>>>>>

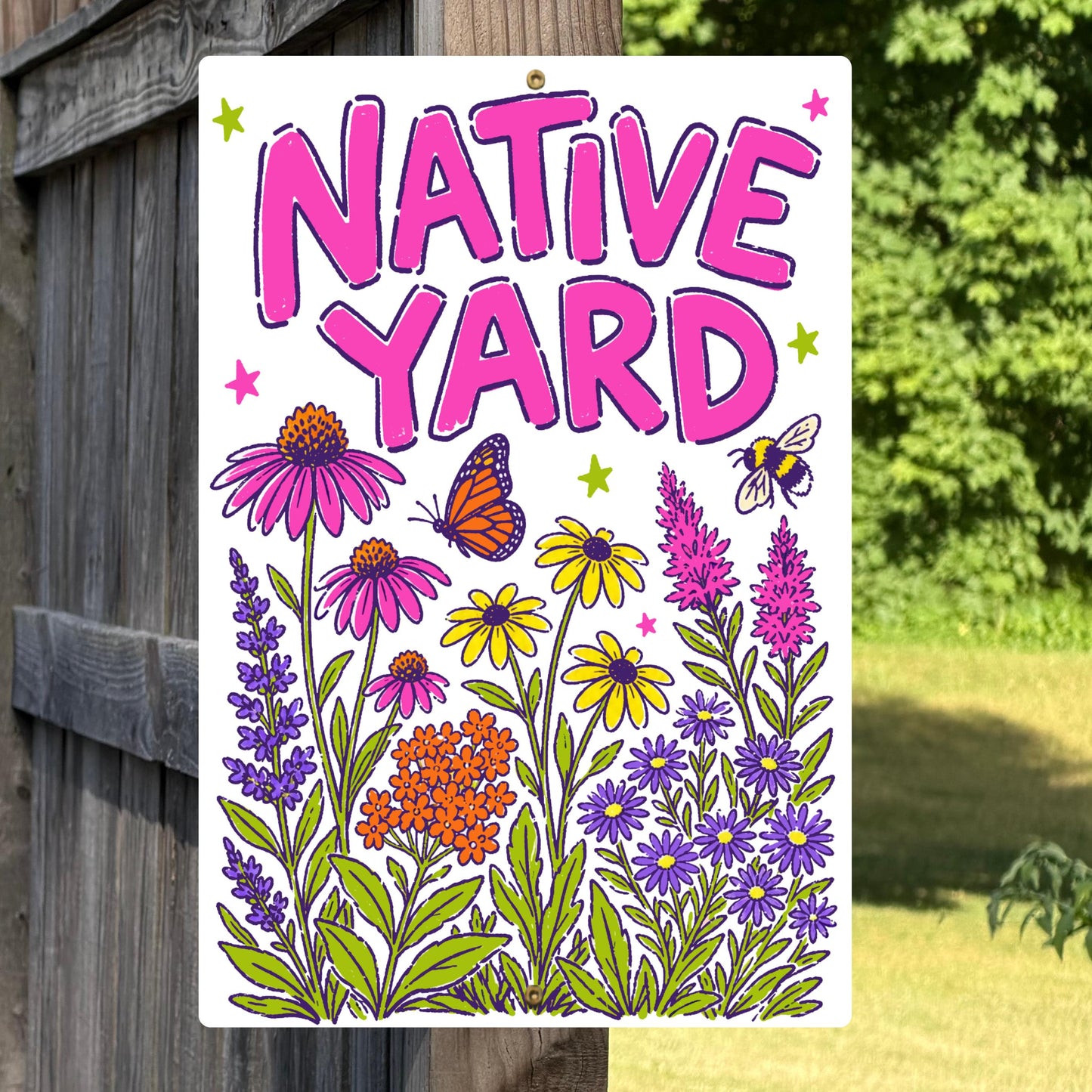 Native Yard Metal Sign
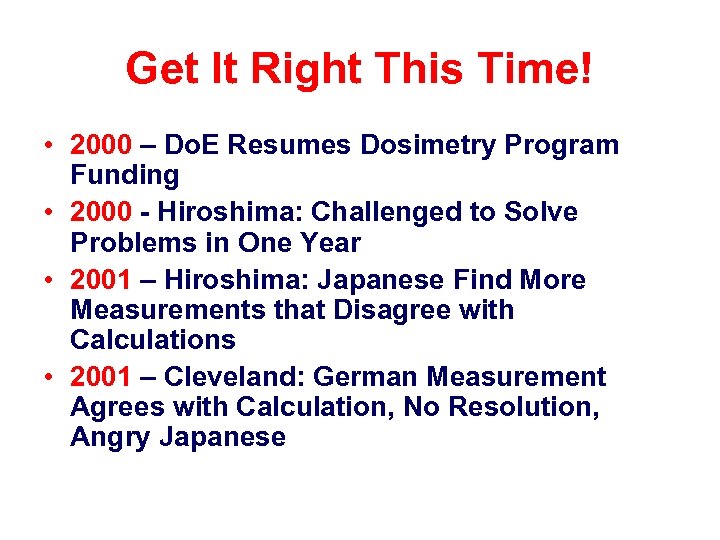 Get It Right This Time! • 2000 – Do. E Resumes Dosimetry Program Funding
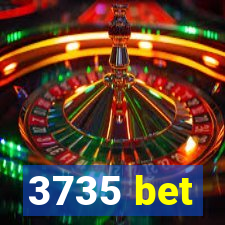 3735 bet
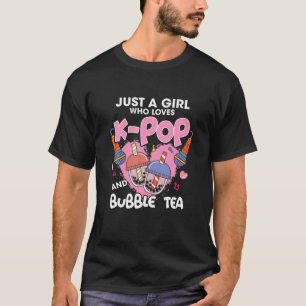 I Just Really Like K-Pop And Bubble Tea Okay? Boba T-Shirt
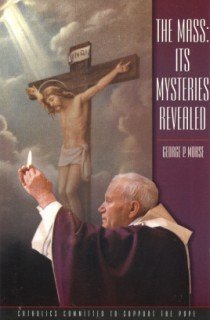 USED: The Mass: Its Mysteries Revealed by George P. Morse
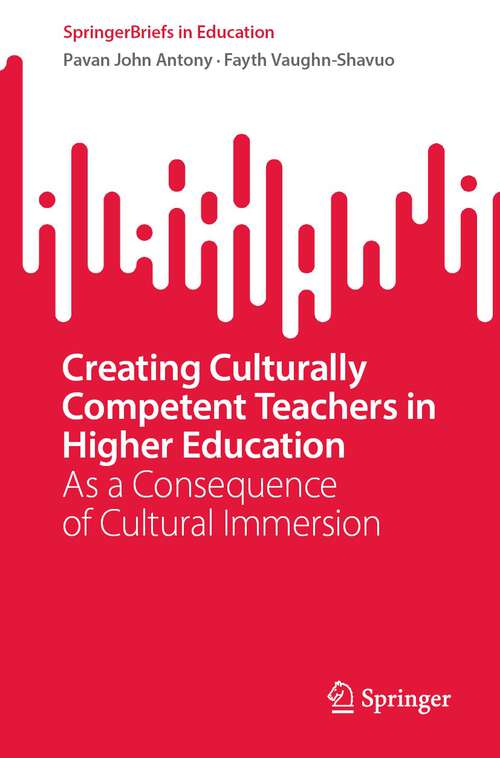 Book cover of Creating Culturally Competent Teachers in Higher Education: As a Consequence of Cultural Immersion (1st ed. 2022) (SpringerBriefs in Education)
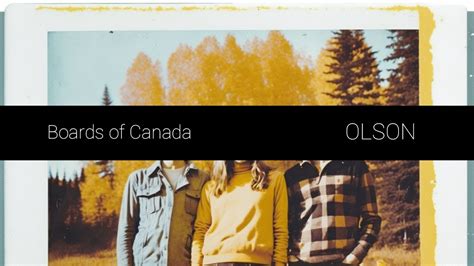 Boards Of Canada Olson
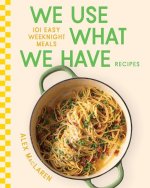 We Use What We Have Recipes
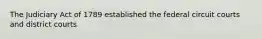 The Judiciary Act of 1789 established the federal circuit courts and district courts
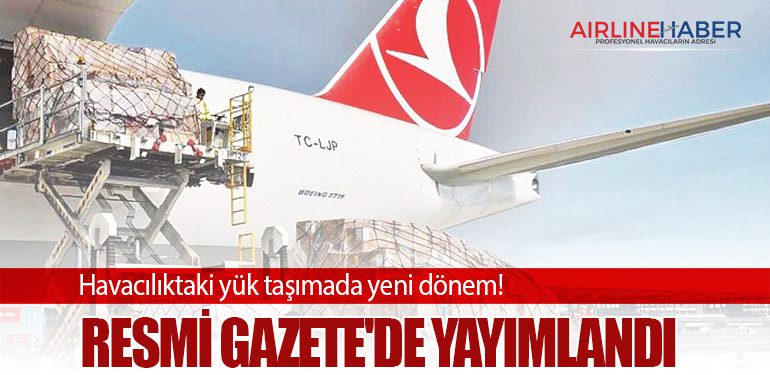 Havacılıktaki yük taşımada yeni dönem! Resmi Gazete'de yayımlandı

<<<<<
>>>>>

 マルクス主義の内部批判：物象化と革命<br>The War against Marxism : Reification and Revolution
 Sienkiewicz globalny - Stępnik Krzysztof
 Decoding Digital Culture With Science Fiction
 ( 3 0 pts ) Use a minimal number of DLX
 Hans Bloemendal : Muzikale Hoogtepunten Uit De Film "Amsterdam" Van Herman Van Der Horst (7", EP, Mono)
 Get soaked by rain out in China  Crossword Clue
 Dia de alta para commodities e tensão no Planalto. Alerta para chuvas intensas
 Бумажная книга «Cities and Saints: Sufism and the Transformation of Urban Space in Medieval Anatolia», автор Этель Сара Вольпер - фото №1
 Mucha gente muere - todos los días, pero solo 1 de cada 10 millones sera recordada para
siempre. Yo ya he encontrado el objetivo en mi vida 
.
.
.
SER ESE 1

<<<<<

= EXERCISE OBJECTIVE =
In the records above, find the line containing "I Just Really" and the line containing "Havacılıktaki yük taşımada", then give both of them again word for word along with every line between. Omit any pictures.

= COMPLETED TASK =
 I Just Really Like K-Pop And Bubble Tea Okay? Boba T-Shirt
 USED: The Mass: Its Mysteries Revealed by George P. Morse
 Book cover of Creating Culturally Competent Teachers in Higher Education: As a Consequence of Cultural Immersion (1st ed. 2022) (SpringerBriefs in Education)
 Boards Of Canada Olson
 We Use What We Have Recipes
 The Judiciary Act of 1789 established the federal circuit courts and district courts
 Havacılıktaki yük taşımada yeni dönem! Resmi Gazete'de yayımlandı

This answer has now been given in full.